Elle McNicoll (born October 5, 1992) is a Scottish children's writer.

McNicoll's  debut novel, A Kind of Spark (2020) follows the efforts of an autistic eleven-year-old girl, Addie, to establish a memorial to the witch trials in her Scottish hometown. McNicoll is autistic herself. The book was children's book of the week in The Times and The Sunday Times, and won both the Overall and Younger Fiction prizes at the 2021 Waterstones Children's Book Prize. It also won the Blue Peter Book Award for Best Story, voted for by children. McNicoll was also nominated for the Branford Boase Award  and was nominated for the Carnegie Medal. McNicoll's debut was also named Overall Book of the Year by Blackwell's , beating titles in the Adult Market.

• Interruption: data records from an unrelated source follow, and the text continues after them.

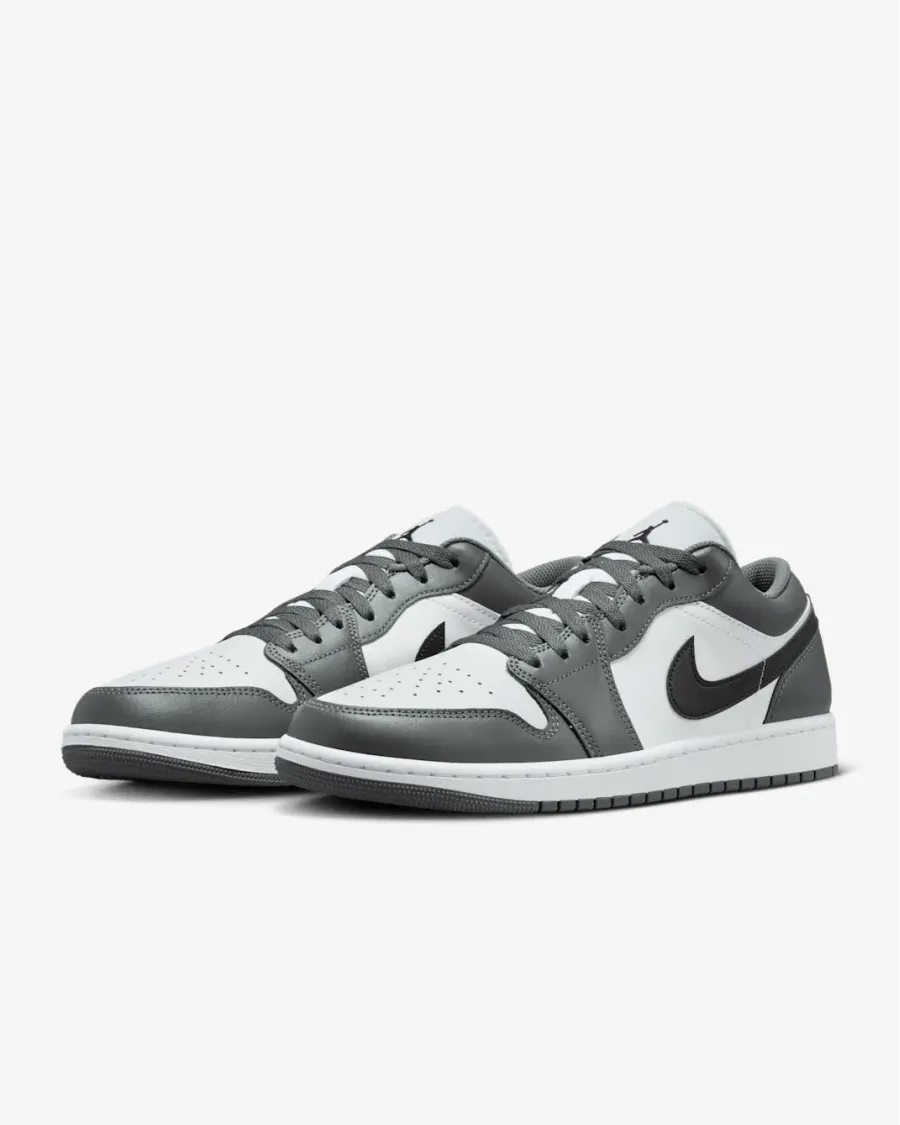 Кросівки Nike Air Jordan 1 Low 553558-152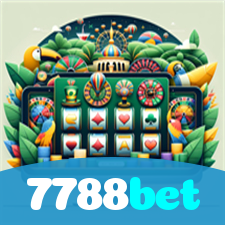 7788bet:Aposte no seu time e ganhe prêmios incríveis com poker e roleta!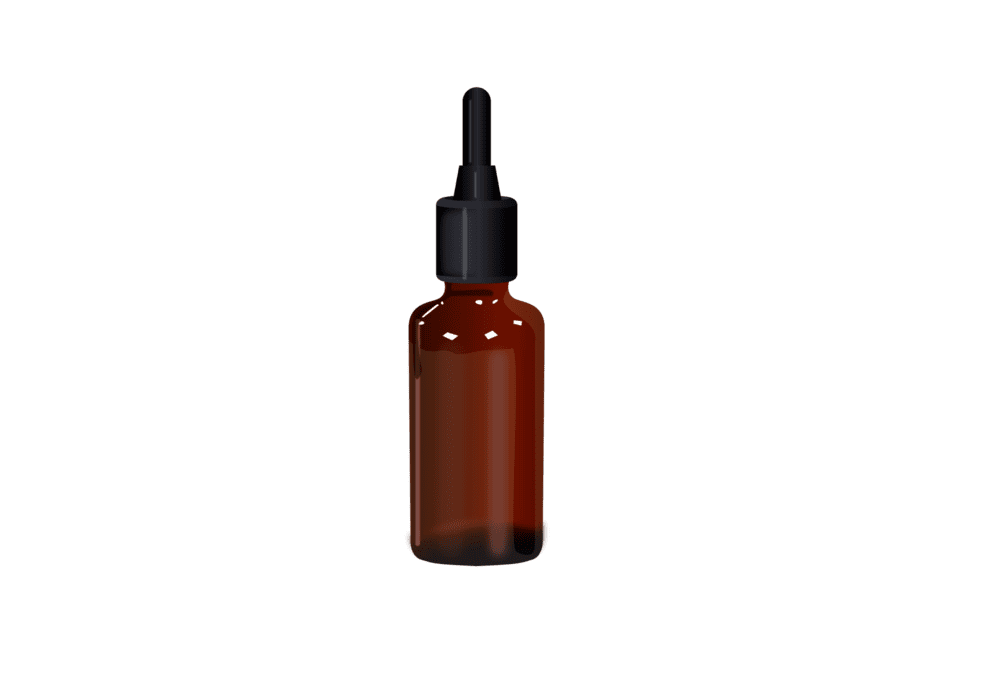 Serum Bottle PNGs for Free Download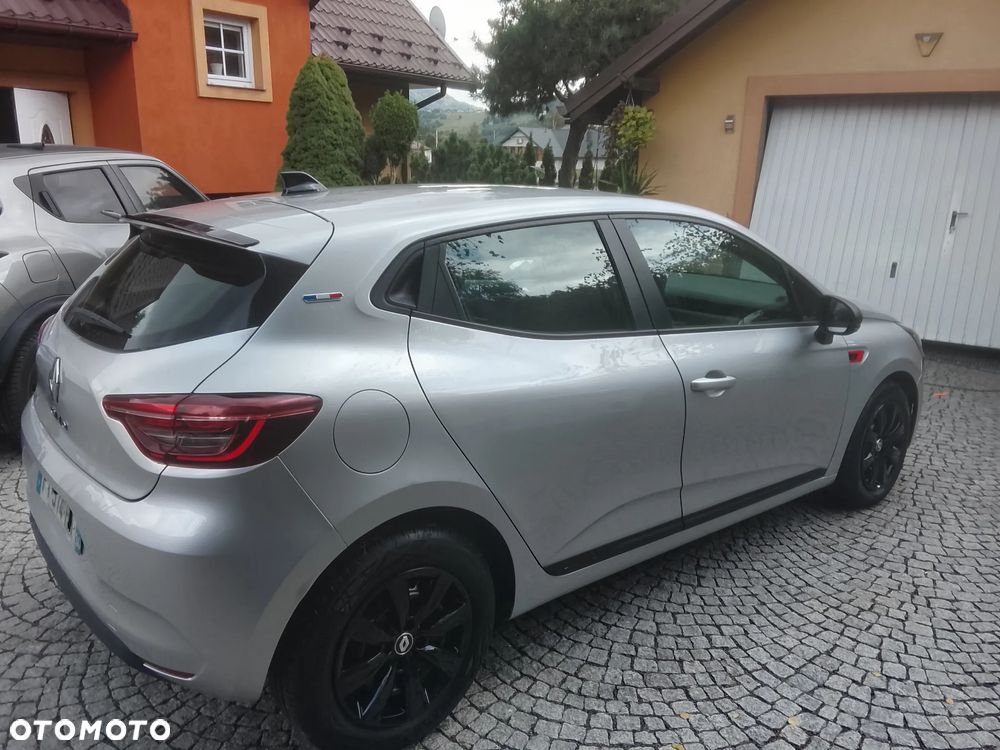 Renault Clio - 6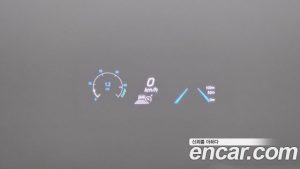 Mercedes-Benz GLE-Class GLE400d 4MATIC Coupe 2023 года из Южной Кореи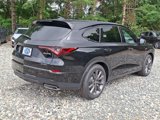 New 2026 Acura MDX A-Spec image 3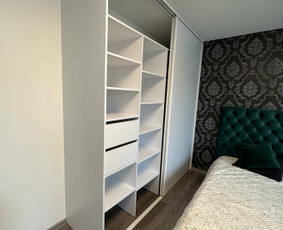 Nestandartinių baldai / Kęsto baldai / Darbų pavyzdys ID 2741669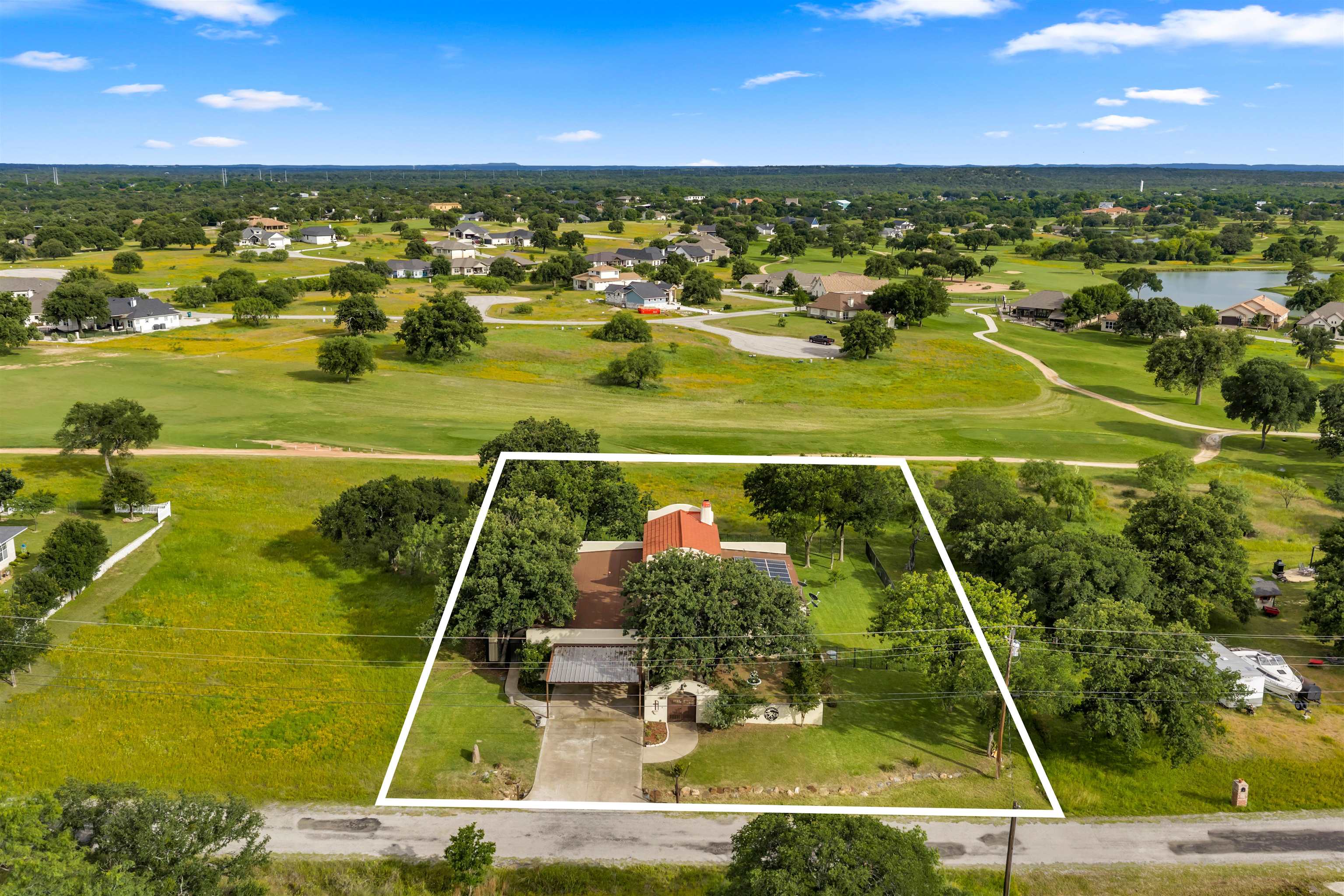 111 Woodlawn Drive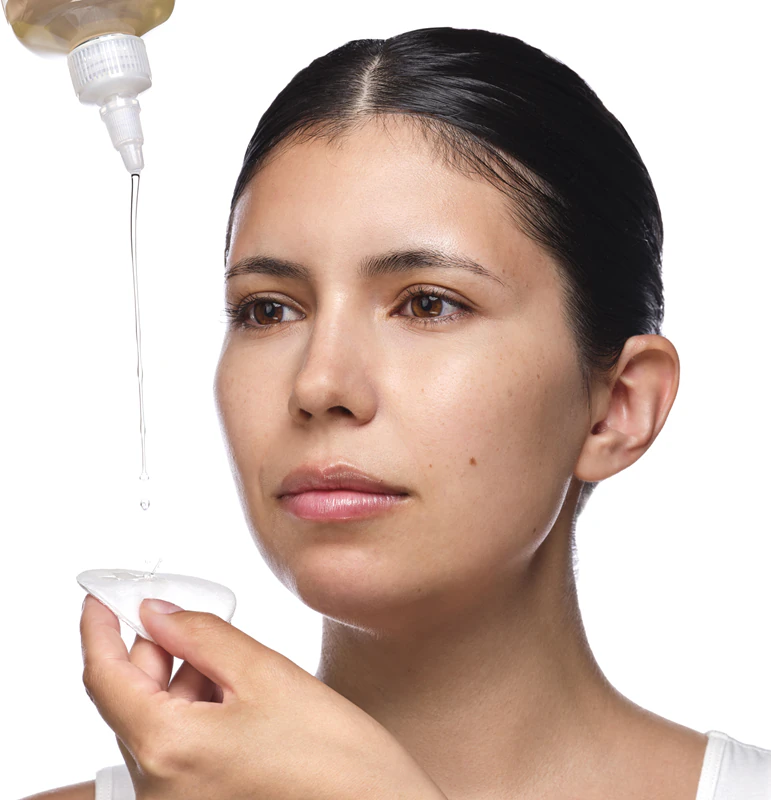 Tônico Esfoliante com Ácido Glicólico 7% da The Ordinary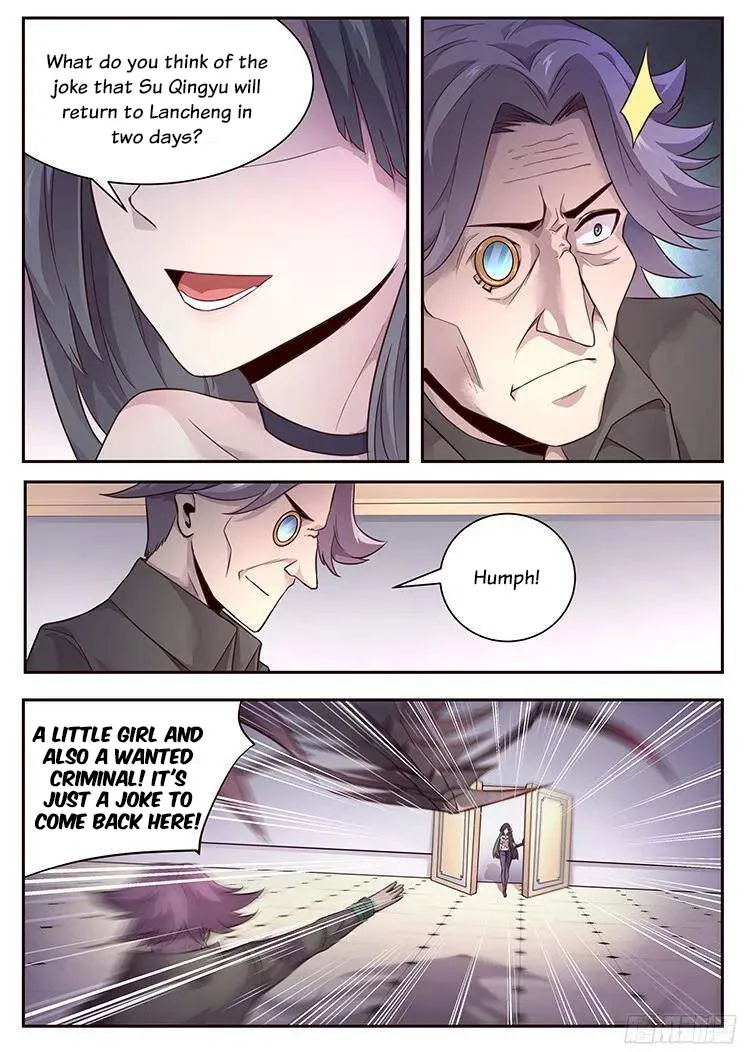 Girl And Science - Page 8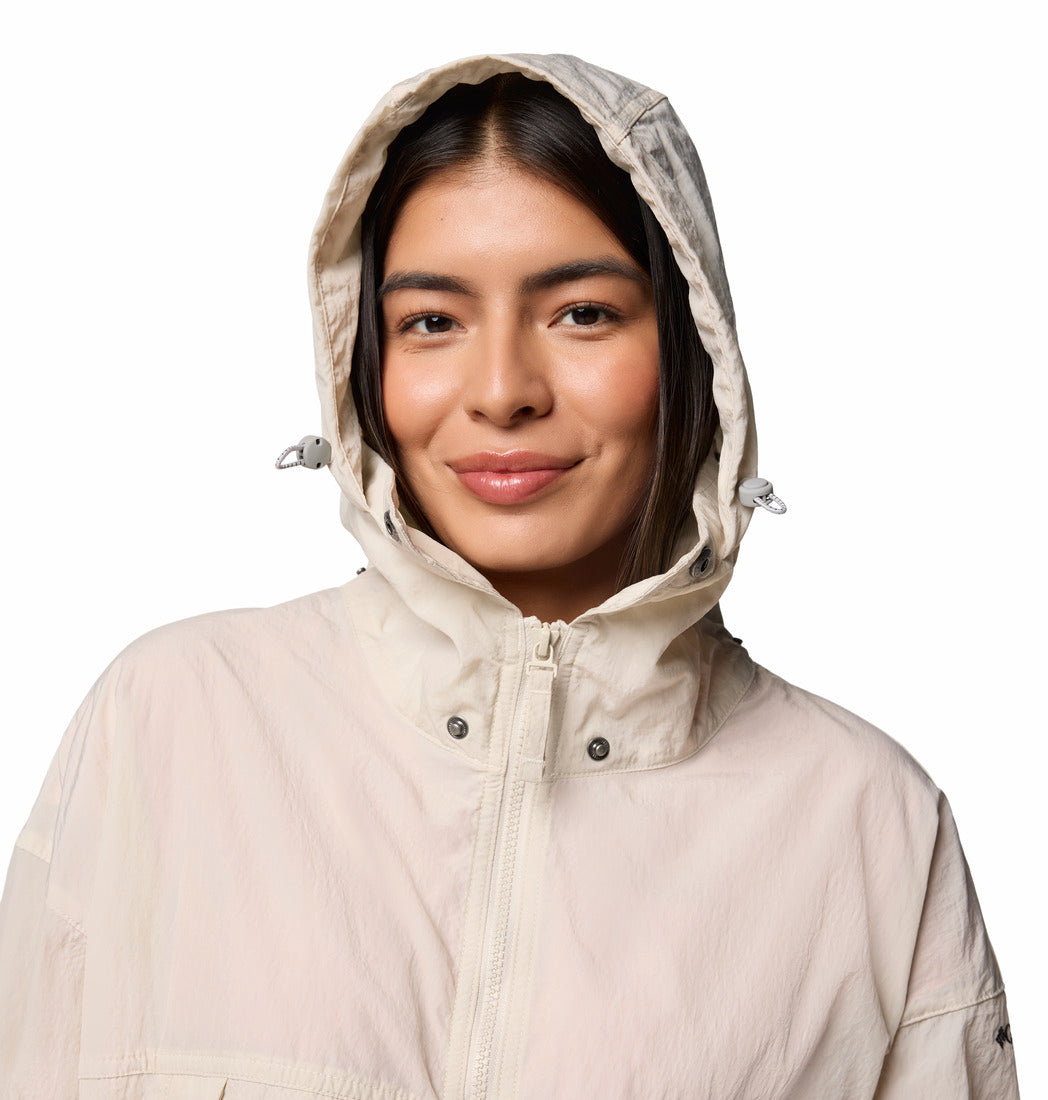 Casaca Cortavientos Mujer Paracutie™ II - 1; Casaca Cortavientos Mujer Paracutie™ II - 2; Casaca Cortavientos Mujer Paracutie™ II - 3; Casaca Cortavientos Mujer Paracutie™ II - 4; Casaca Cortavientos Mujer Paracutie™ II - 5; Casaca Cortavientos Mujer Paracutie™ II - 6; Casaca Cortavientos Mujer Paracutie™ II - 7; Casaca Cortavientos Mujer Paracutie™ II - 8; Casaca Cortavientos Mujer Paracutie™ II - 9; Casaca Cortavientos Mujer Paracutie™ II - 10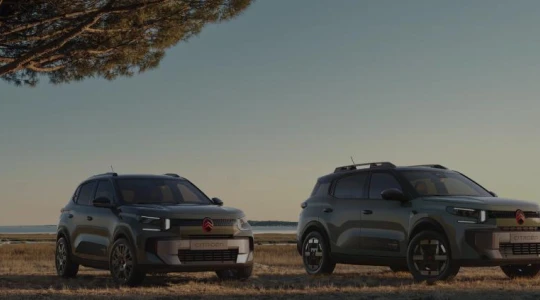 Fiat i Citroën idą w górę, Dacia ma problem. Nowe dane z Europy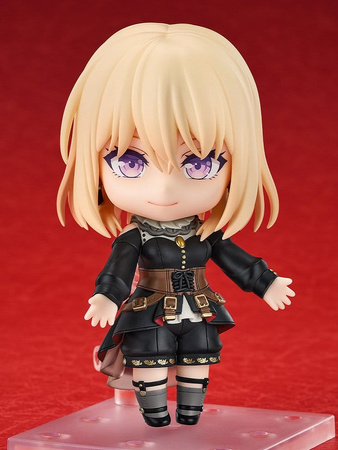 [PRZEDSPRZEDAŻ] BanG Dream! Nendoroid Action Figure Doloris 10 cm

Her second novel, Show Us Who You Are, was published in March, 2021, and was Children's Book of the Week in The Times. It was also the Children's Book of the Month, as chosen by Blackwell's. It was nominated for Best Children's Fiction in the 2021 Books Are My Bag Awards, and McNicoll was also nominated for Best Breakthrough Author.

Her third novel Like A Charm was published in February 2022 by Knights Of and was also Children's Book of the Week in The Times, as well as being reviewed as 'Another fiercely gripping, superbly original story' by The Guardian. In 2022 McNicoll also wrote a story as part of the crime anthology The Very Merry Murder Club  edited by Serena Patel and Robin Stevens.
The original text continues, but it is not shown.